The freedoms we hold dear—speech, assembly, due process, equal protection, the right to defend oneself—are not self-sustaining. They require responsibility. They require citizens who will stand up and say: no violence, no excuses.
That means condemning violence no matter who commits it or what cause they claim to serve. It means rejecting the temptation to wink at “our side’s” bad behavior while denouncing “theirs.” It means teaching the next generation that liberty requires both courage and restraint.
This is heavy stuff, but here’s why I still have hope: left or right, regardless of what “team” you play for, Americans still show up. They still vote in record numbers. They still gather in school board meetings, town halls, and city councils. They still argue—sometimes too loudly—because they care deeply about their communities and their country.
That passion matters. It means we have not given up on one another. It means that even in our disagreements, we believe this country is worth the fight. And the fact that we are still fighting with words, rather than weapons, is evidence that the core of our democratic spirit remains intact.
I have hope because ordinary Americans know instinctively that violence solves nothing. They may not always express it perfectly, but they understand that persuasion, not intimidation, is the lifeblood of liberty. And I have hope because even across partisan divides, most people want a society where their children can speak freely, vote safely, and live without fear of violence.
So what can we do? First, we can model restraint in our own lives. When arguments get heated, resist the urge to escalate. When violence occurs, condemn it immediately, regardless of who is responsible.
Second, we can teach young people that democracy depends not on force but on conversation. They need to see adults resolve disagreements without threats or intimidation. They need to learn that liberty is fragile, and it must be defended by words, not weapons.

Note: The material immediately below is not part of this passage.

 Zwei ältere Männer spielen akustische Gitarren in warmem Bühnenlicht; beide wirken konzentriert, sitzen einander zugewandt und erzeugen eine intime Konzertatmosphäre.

Finally, we must demand better from our leaders. Politicians who excuse violence or fail to condemn it are unworthy of the offices they hold. Leaders set the tone, and when they fail, the public suffers.
The American experiment is built on a simple but profound idea: we resolve our disputes with ballots, not bullets. That principle is the foundation of every freedom we enjoy.

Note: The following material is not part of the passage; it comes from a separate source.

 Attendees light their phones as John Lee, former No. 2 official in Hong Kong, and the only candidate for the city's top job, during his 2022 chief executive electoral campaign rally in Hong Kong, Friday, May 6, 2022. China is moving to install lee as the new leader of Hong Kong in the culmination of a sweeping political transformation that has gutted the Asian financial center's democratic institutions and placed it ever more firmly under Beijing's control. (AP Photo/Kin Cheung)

I may have started out as a “leave me alone” libertarian, but I have learned that liberty requires more than isolation. It requires courage, vigilance, and responsibility. Above all, it requires a people willing to say: no violence, no excuses.
Because in America, freedom’s survival depends not only on what is written in our laws but on what we are willing to defend in our culture. And if we fail to defend our freedoms against violence, we will soon find we no longer have them.
Left or right, whatever team you play for, that is something we can all agree on. And that shared conviction is why I still believe America’s best days are ahead.